In an amendment to the terminally ill adults (end of life) bill, Labour MP Kim Leadbeater said on Thursday that a voluntary assisted-dying commissioner would appoint a list of people eligible to sit on Assisted Dying Review Panels.
The commissioner, who must have held high office as a judge of the Supreme Court, Court of Appeal or High Court, would also monitor the operation of the act and report on it annually.
The change to the private members’ bill is the latest to have raised questions over the process underpinning the proposed law, which would grant people given six months or less to live the opportunity to end their own life in England and Wales.
On Monday Leadbeater proposed replacing the need for a High Court judge to approve an assisted death with a panel of experts including a legal figure such as a KC, in a move that critics said weakens one of the key safeguards against harm and coercion.
The move, which came hours before lawmakers began examining the legislation, prompted criticism from some MPs. Former Conservative home secretary James Cleverly called for the bill to be taken over by the government and “given the proper scrutiny in detail that it deserves”.
In a joint statement, five MPs including Labour’s Dame Meg Hillier said: “Just as recess starts the supporters of this bill have sprung yet another surprise upon MPs, this time the creation of a whole new body with panels and a distant civil service tsar to oversee assisted dying.”
In response, Leadbeater said the commissioner would be wholly independent from the government and a former or sitting judge.
Jill Rutter, senior fellow at the Institute for Government think-tank, said that had Leadbeater’s bill been government legislation, voters would have expected to see a green or white policy paper, as well as a public consultation.
“There should have been proper advance thinking about the impacts on the courts or the NHS,” she said. “A proper review, perhaps with citizen engagement, could have been used to establish how to balance the desires of those who want to see assisted dying with the safeguards others see as essential.”
After five hours of debate in November, a slim majority of 55 MPs backed the bill at its second reading after a free vote, in which parliamentarians are not whipped by their party to vote a particular way.
Prime Minister Sir Keir Starmer and his Conservative predecessor Rishi Sunak voted in favour, but health secretary Wes Streeting joined current Tory leader Kemi Badenoch in voting against the legislation.
Supporters of the bill argue that it is in the process of being properly scrutinised at committee stage in the House of Commons and will be again in the House of Lords before it can become law.
In the past laws allowing abortion and decriminalising homosexuality have also been passed by private members’ bills, they add.
But proposals by supporters of the bill to alter it so significantly have caused some uncertainty about its future.
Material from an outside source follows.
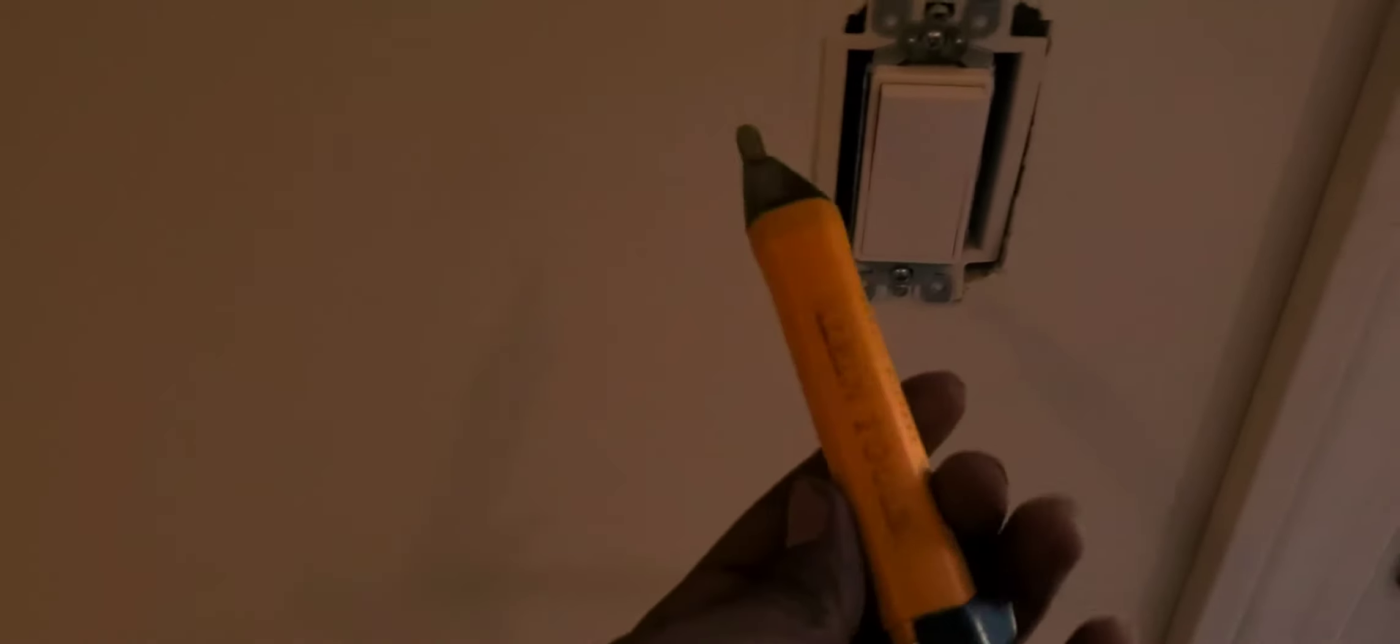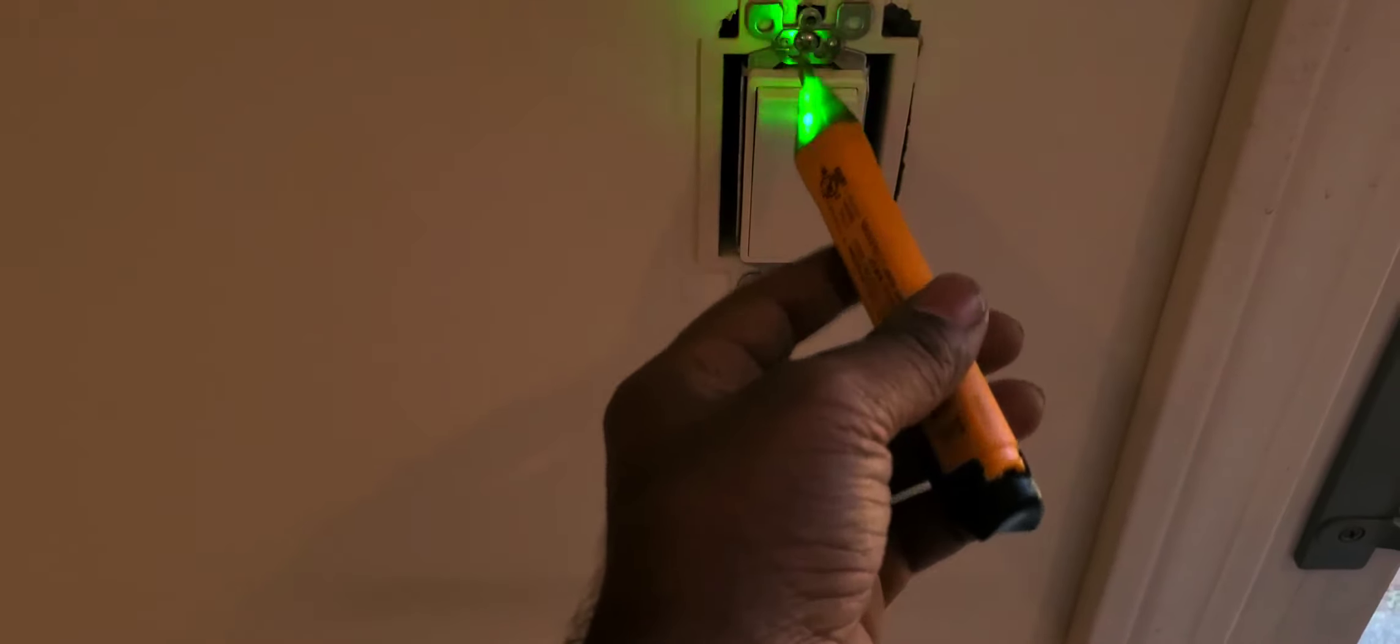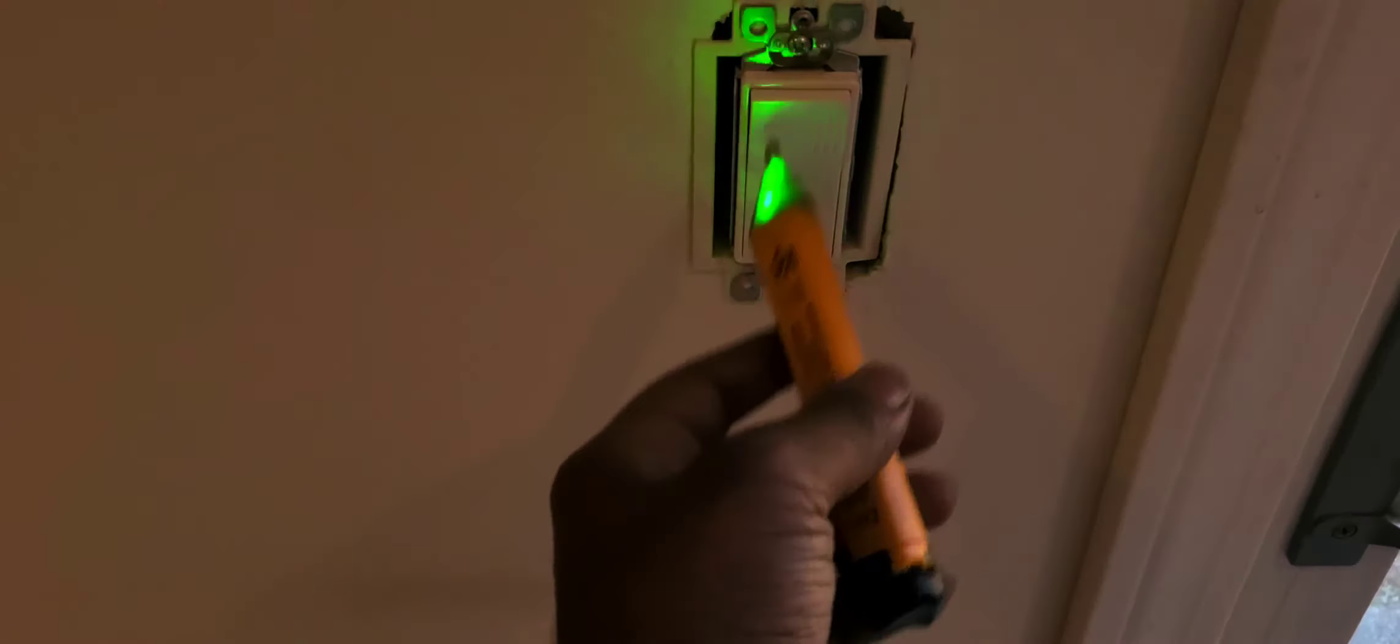As you can see, I have my tester. Always use a tester, take off your breaker, double check, and thanks for watching.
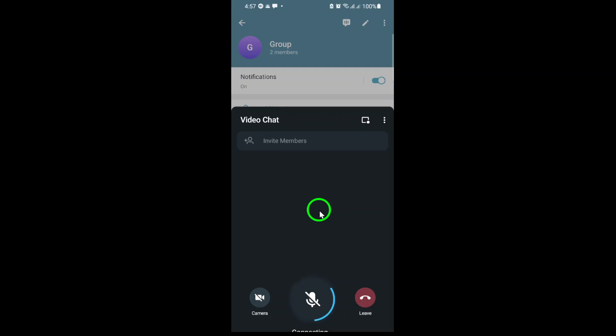So whether you're organizing a virtual event, hosting a team meeting, or just want to see your friends' faces, Telegram's group video chat makes it easy and fun. Give it a try today and enjoy seamless real-time conversations right from your favorite messaging app.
It is not guaranteed to become law when it is next voted on in April and could fail if just 28 MPs switched from “yes” to “no”.
Sarah Olney, a Liberal Democrat MP sitting on the bill committee who voted against the legislation in November, said there had been “quite a lot of disquiet [on the committee] about the decision to change the bill now”.
“It makes it really difficult to debate and scrutinise the legislation if we’re going to make material changes at this stage,” she said. “There’s a lot that should have been done at a pre-legislative stage. How can we possibly be expected to make some of these decisions at the committee?”
Lady Brenda Hale, former president of the UK’ Supreme Court, this week warned against removing judges from the process, saying a “judicial element” would “introduce an element of independence and distance from the doctors”.
One minister said they were in favour of removing High Court judges from the process of signing off an assisted dying case, but that it was a mis-step for Leadbeater to have put forward the amendment herself, since it left her open to criticism that she was bending to the will of government.
However, they added that they were still relatively confident that the bill would pass at third reading owing to indications that some MPs who voted against it in November had changed their mind.
“There are a lot of people who are pushing a narrative that there’s a majority of people who support the principle, but not a majority who support this bill,” the minister said, adding that they did not think there was enough evidence to support that claim.
“If we get just a few of the nos over, we win the day.”